#### Exercise
Before anything else, drop the pictures; then return exactly the lines from the top of the listing through the line with "Infliximab is an".

#### Provided material
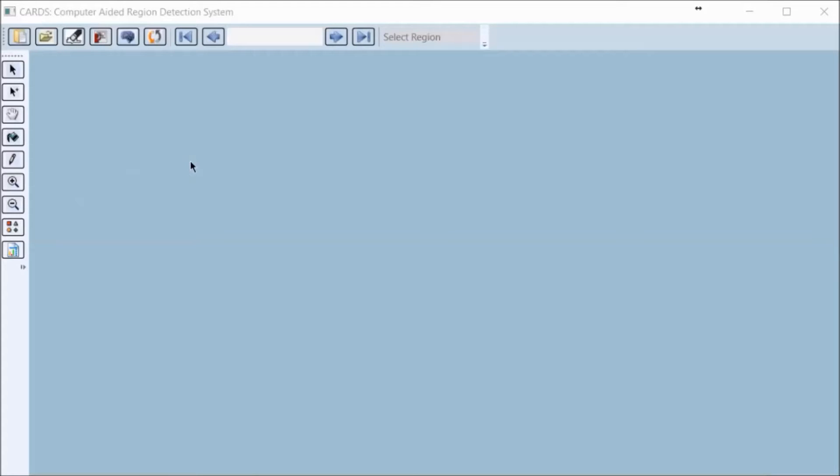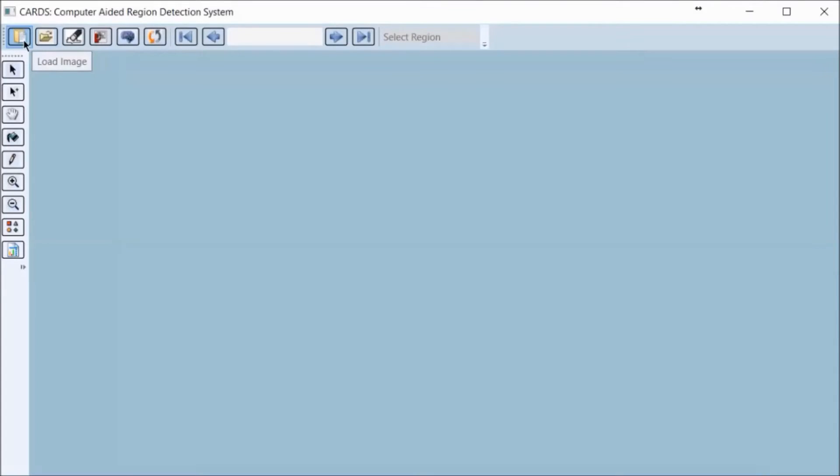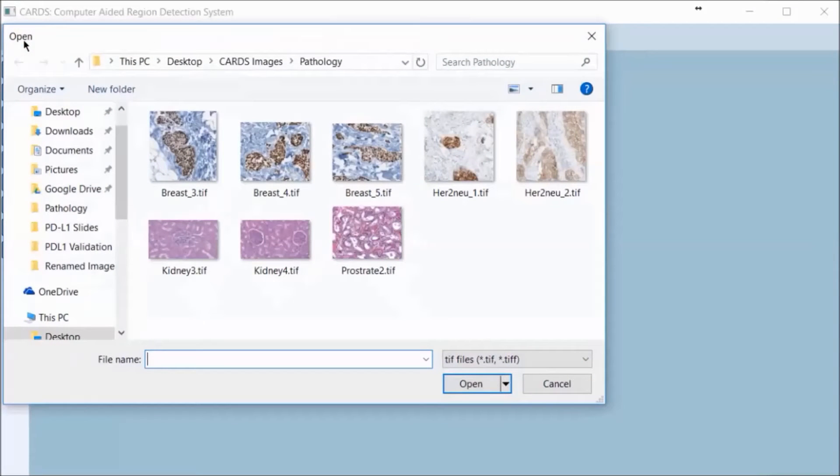CARDS, which stands for Computer Aided Region Detection System, is part of our Image Analysis Optra Assays platform. The application uses machine learning based algorithms to intelligently select and or reject regions of interest on scanned images.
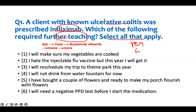Infliximab is an immunomodulator. Even if you don't know what it is, you know that ulcerative colitis is some form of inflammatory disease. Patients who have inflammatory disease usually take medication to lower the inflammation or bring the immune system down so that the inflammatory disease can go into remission. You can also recognize it by the '-mab' suffix at the end — all immunomodulators like adalimumab have 'mab' at the end. So the patient is on an immunomodulator.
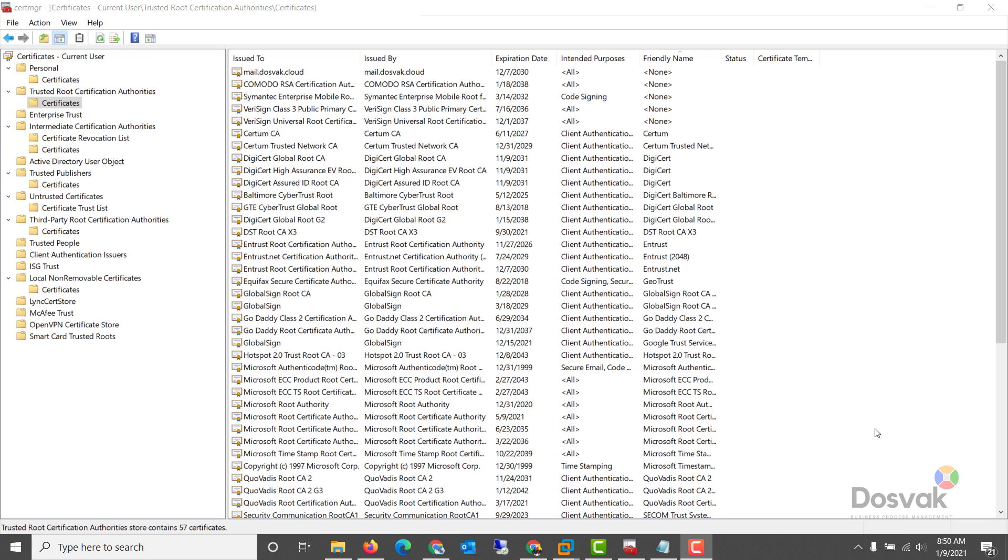And if this key store is compromised, that means that bad code or bad applications can get installed on a system without your antivirus or your firewall triggering any alerts. And that way, untrusted code will become trusted.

#### Reply to the exercise
CARDS, which stands for Computer Aided Region Detection System, is part of our Image Analysis Optra Assays platform. The application uses machine learning based algorithms to intelligently select and or reject regions of interest on scanned images.
Infliximab is an immunomodulator. Even if you don't know what it is, you know that ulcerative colitis is some form of inflammatory disease. Patients who have inflammatory disease usually take medication to lower the inflammation or bring the immune system down so that the inflammatory disease can go into remission. You can also recognize it by the '-mab' suffix at the end — all immunomodulators like adalimumab have 'mab' at the end. So the patient is on an immunomodulator.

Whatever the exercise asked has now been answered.